Arch holds the master sources, which get mirrored everywhere, into
CVS on sourceforge and savannah, as well as SVN on sourceforge and
google. If you're not willing to do this because of arch then that's 
fine. I just thought that you were showing great initiative and might
find it worthwhile to try. Handling multiple SCMs would be the least
problem (currently axiom lives in arch, cvs, svn, and darcs).

The hard part is trying to figure out how to agree to things
that you disagree with because other people have perfectly
rational opinions. Working with arch is trivial. Working with
people is hard. And among them I'm probably one of the most painful.

> 2) "one of persons who maintain ..." -- IIUC Gaby wants to avoid
>    single point of failure (me too).

How you maintain axiom--silver--1 would be up to you. Be aware
that about 22 people have write access to silver at the moment.

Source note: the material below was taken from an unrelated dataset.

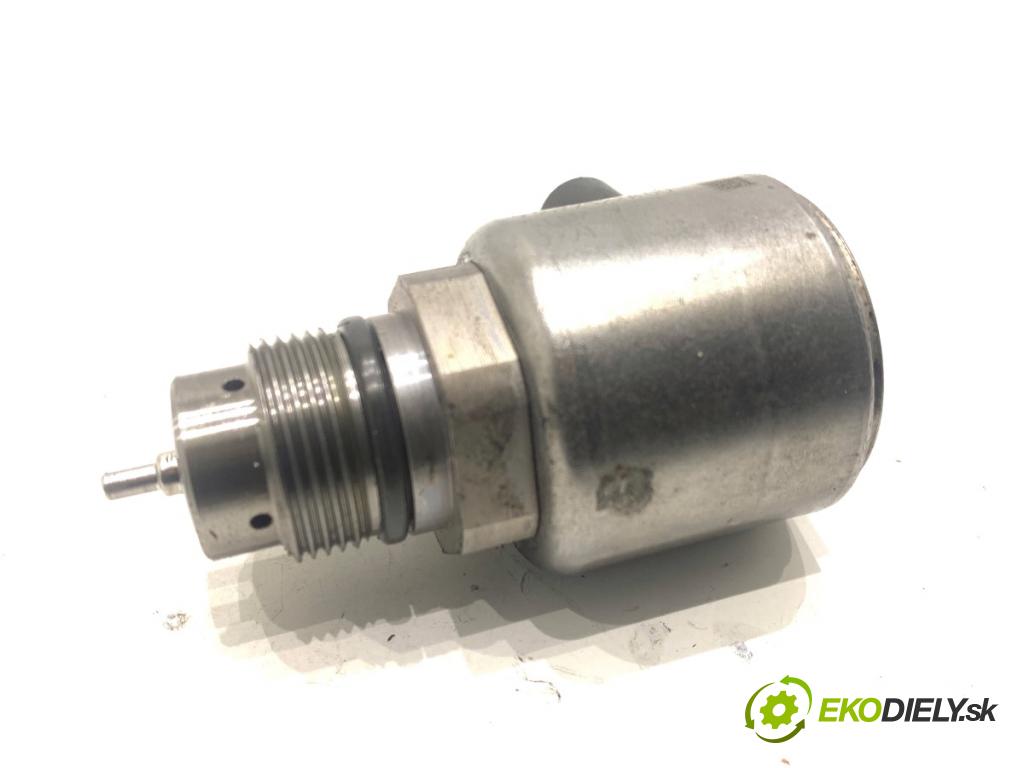 MERCEDES-BENZ X204 SUV 2010 125 kW 220 CDI (204.902) 2143 Regulátor tlaku paliva 9307Z522A00 (Palivový systém ostatné)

I don't think "single point of failure" is a rational notion
in terms of SCM. You or I could simply stop patching the code
and the world would hardly notice since many people have write
access.

A "single point of control", however, is vitally important.
You're basically "putting your name" on the dotted line 
claiming that you "control" the repository. If you allow
anyone to make any change they want you'll quickly find that
you have no idea what the changes mean and how they impact
the stability of "silver". That behavior is fine in a branch
but means chaos in the "pre-production" master copy. You 
can't track every person's "hot topic", nor have an instant
understanding of their "obviously correct patch".

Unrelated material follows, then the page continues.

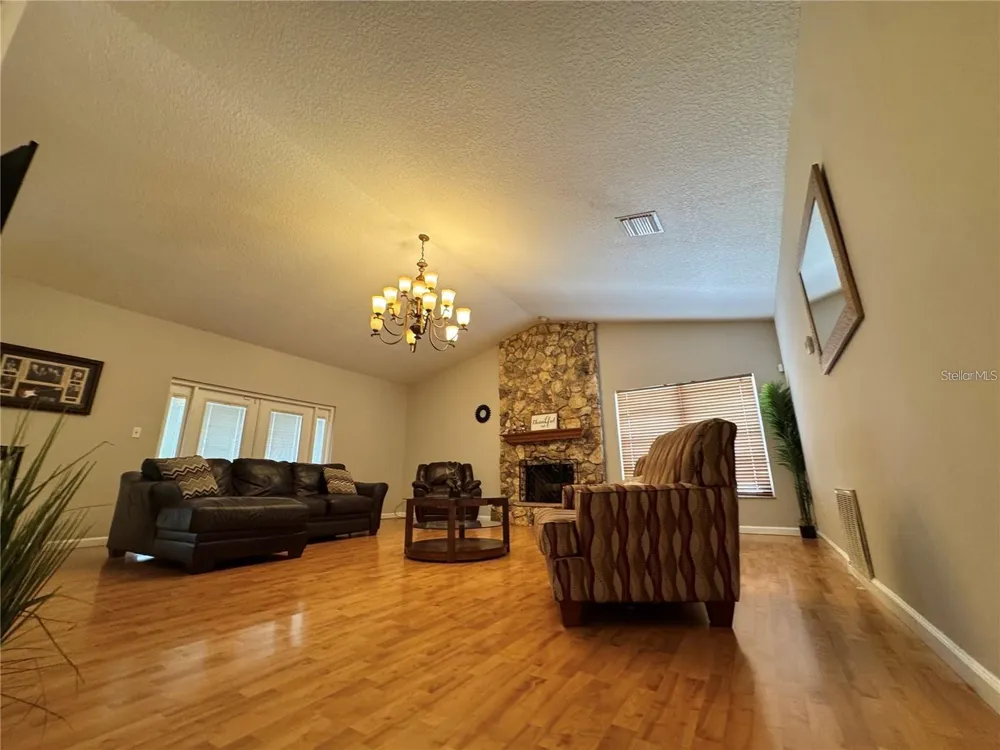 8014 COTE COURT Orlando, FL 32836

You would need to think about how the changes will affect
many things including outstanding branches. Suppose
someone checks in Java Ant sripts to do builds instead of
using autoconf. Is that the best thing for the project?
Do we want to add Java as a global dependency? How do you
plan to resolve the Perl build mechanism with the current
mechanism? Or the build-improvements mechanism? Or suppose
someone renames files. What code depends on those files?
Does it break things we are not testing?

I am very careful about putting patches into silver until
I understand them. Silver patches are gold-to-be so its
not the same as maintaining a branch. You not only need
to apply the patch, you need to figure out how to check
that it is right and you need to figure out how to test
that it works. Thus a silver patch is very expensive.

Just because it works does not make it right for the project.

And you have to give strong pushback to maintain quality.
Changes and addtions NEED excellent documentation (not just
code changes). This will be the big discussion about getting
anything into gold in the future. 

It's a hard job and one that will put you in a position 
of contention with people at times.

Think carefully about it and let me know.